Terraform Module Structure

terraform/
├── organization/          # AWS Organizations, Control Tower, SCPs
├── account-baseline/      # Per-account baseline (Config, GuardDuty enrollment)
├── security-services/     # Security Hub, org CloudTrail, Config aggregator
├── networking/            # VPC endpoints, Tailscale subnet routers
├── backup/                # AWS Backup plans, vaults, cross-region replication
├── cost-management/       # Budgets, anomaly detection, Cost Explorer
└── identity/              # IAM Identity Center, permission sets, groups

Each module has its own state file keyed by {module}/{account}/{env}/terraform.tfstate. A failure in one module doesn't affect others.

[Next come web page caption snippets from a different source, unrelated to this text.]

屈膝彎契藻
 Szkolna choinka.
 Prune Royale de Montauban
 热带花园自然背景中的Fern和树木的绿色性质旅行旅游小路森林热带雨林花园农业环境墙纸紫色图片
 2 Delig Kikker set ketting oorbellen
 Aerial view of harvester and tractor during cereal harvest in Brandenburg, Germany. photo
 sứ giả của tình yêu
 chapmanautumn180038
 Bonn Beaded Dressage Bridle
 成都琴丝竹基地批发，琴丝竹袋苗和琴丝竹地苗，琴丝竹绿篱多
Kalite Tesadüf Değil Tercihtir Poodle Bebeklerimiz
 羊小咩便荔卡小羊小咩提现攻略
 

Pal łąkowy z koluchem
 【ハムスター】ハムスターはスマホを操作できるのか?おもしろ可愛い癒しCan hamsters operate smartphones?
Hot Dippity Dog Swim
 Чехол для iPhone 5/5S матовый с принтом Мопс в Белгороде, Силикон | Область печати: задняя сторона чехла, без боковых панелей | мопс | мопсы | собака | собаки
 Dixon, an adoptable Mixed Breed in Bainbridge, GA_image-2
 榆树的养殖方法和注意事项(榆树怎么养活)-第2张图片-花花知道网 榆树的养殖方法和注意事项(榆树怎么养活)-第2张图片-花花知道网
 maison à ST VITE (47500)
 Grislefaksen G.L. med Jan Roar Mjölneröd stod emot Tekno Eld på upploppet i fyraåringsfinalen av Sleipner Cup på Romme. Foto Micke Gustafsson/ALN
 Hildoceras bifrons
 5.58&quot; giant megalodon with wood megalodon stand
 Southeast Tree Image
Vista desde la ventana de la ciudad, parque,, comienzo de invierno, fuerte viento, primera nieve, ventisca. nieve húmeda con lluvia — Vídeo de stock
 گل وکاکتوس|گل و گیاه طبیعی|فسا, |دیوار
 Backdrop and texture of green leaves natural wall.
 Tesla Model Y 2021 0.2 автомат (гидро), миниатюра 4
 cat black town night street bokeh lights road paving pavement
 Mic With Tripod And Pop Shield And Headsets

What's Next: Part 3 — EKS with NVIDIA GPU Nodes

With the multi-account foundation in place, Part 3 will deploy the compute layer:

EKS clusters in Dev and Prod accounts on the private subnets from Part 1
NVIDIA GPU node groups (p3.2xlarge / g5.xlarge) for Random Forest and LSTM model inference
GPU device plugin and NVIDIA container runtime
Private API server endpoint via the EKS VPC endpoints provisioned in Part 2
Model serving pipeline — pull artifacts from the encrypted S3 bucket, serve via gRPC on port 50051

The subnets are tagged. The endpoints are in place. The security groups are defined. The model artifact buckets are encrypted. Part 3 is where the models start running.

This is Part 2 of the Mica Mirai ML Infrastructure series. Part 1 covered the network foundation. Part 3 will cover EKS deployment with NVIDIA GPU support for serving Random Forest and LSTM models.